For this exercise, restate every line below word for word and drop the images.
*** INFORMATION SHOWN Section Begins ***
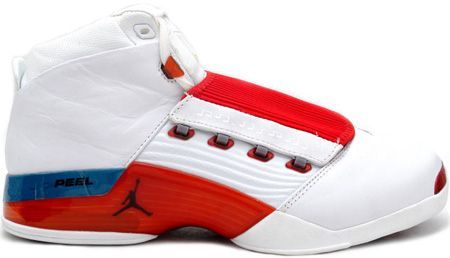Air Jordan 17 Original White Varsity Red Charcoal,the newest jordans,jordan caps new york,affordable price,-Air Jordan 17 Top Designer, -Air Jordan 17 New Trend, -Air Jordan 17 Large Collections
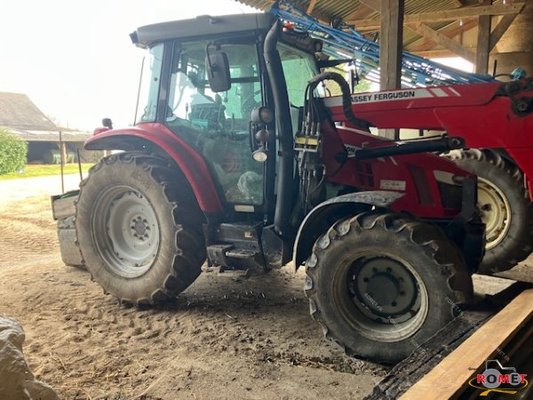 Tracteur agricole - 5609 D4 ES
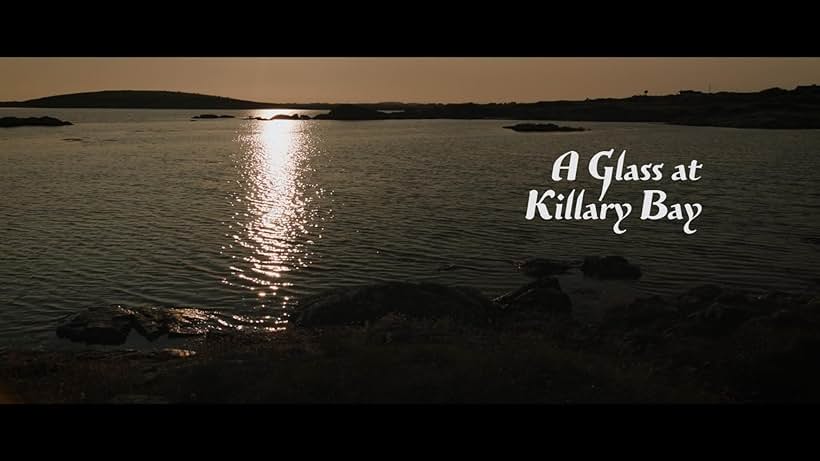 A Glass at Killary Bay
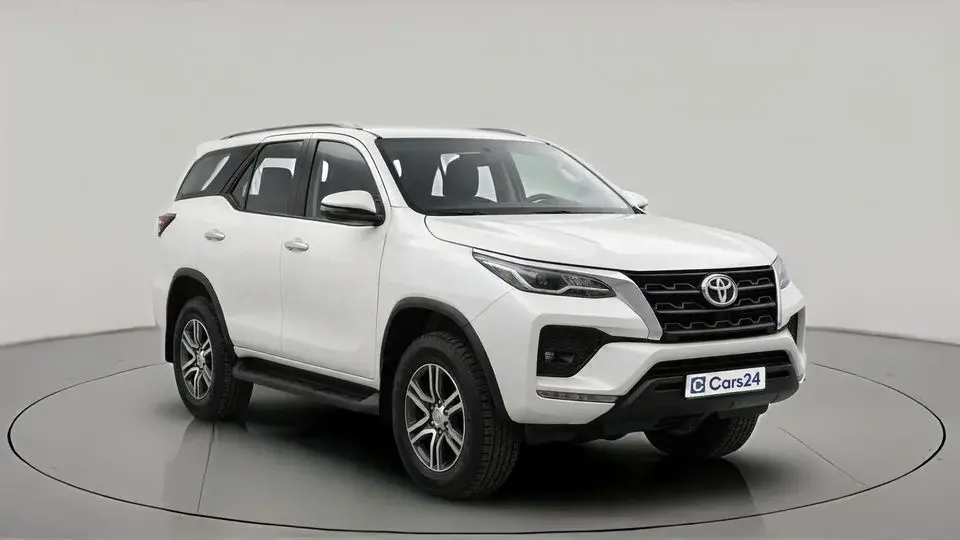 Toyota Fortuner EXR 2.7L (160 HP) 2024 EXR   AED 1505/Month   0 DP   30 Day Return   Warranty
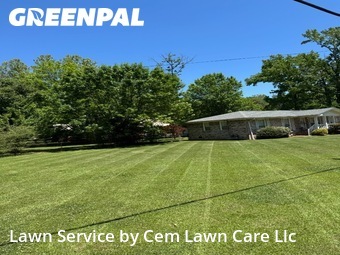 Lawn Cut nearby Hueytown, AL, 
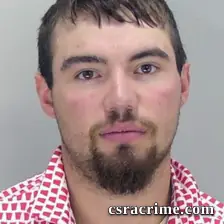 Zachary Schanmier booking photo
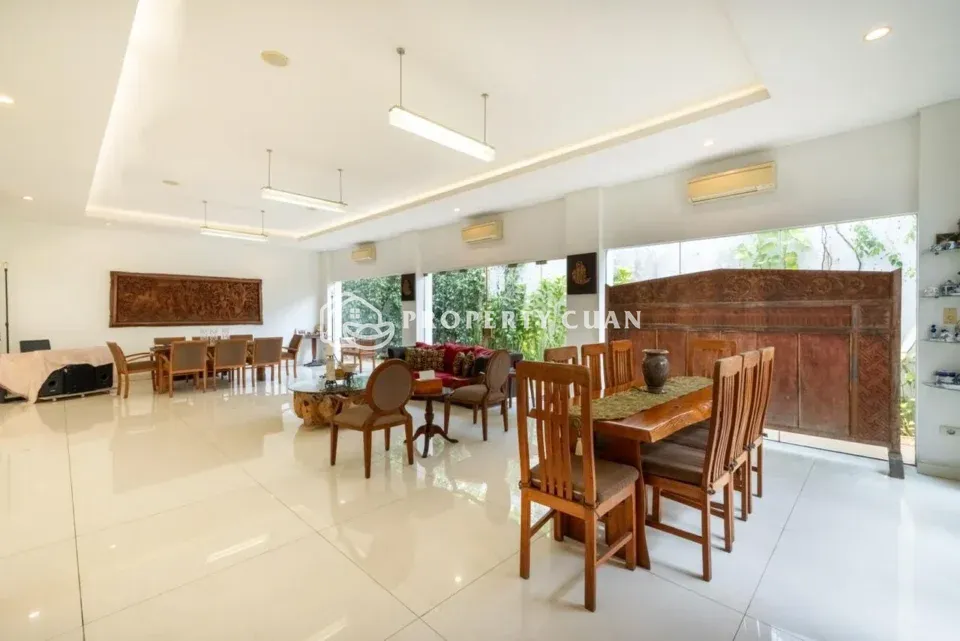 Rumah dijual di Sutera Buana, Alam Sutera - Ruang Makan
*** INFORMATION SHOWN Section Ends ***
**WORKED SOLUTION**
Air Jordan 17 Original White Varsity Red Charcoal,the newest jordans,jordan caps new york,affordable price,-Air Jordan 17 Top Designer, -Air Jordan 17 New Trend, -Air Jordan 17 Large Collections
 Tracteur agricole - 5609 D4 ES
 A Glass at Killary Bay
 Toyota Fortuner EXR 2.7L (160 HP) 2024 EXR   AED 1505/Month   0 DP   30 Day Return   Warranty
 Lawn Cut nearby Hueytown, AL, 
 Zachary Schanmier booking photo
 Rumah dijual di Sutera Buana, Alam Sutera - Ruang Makan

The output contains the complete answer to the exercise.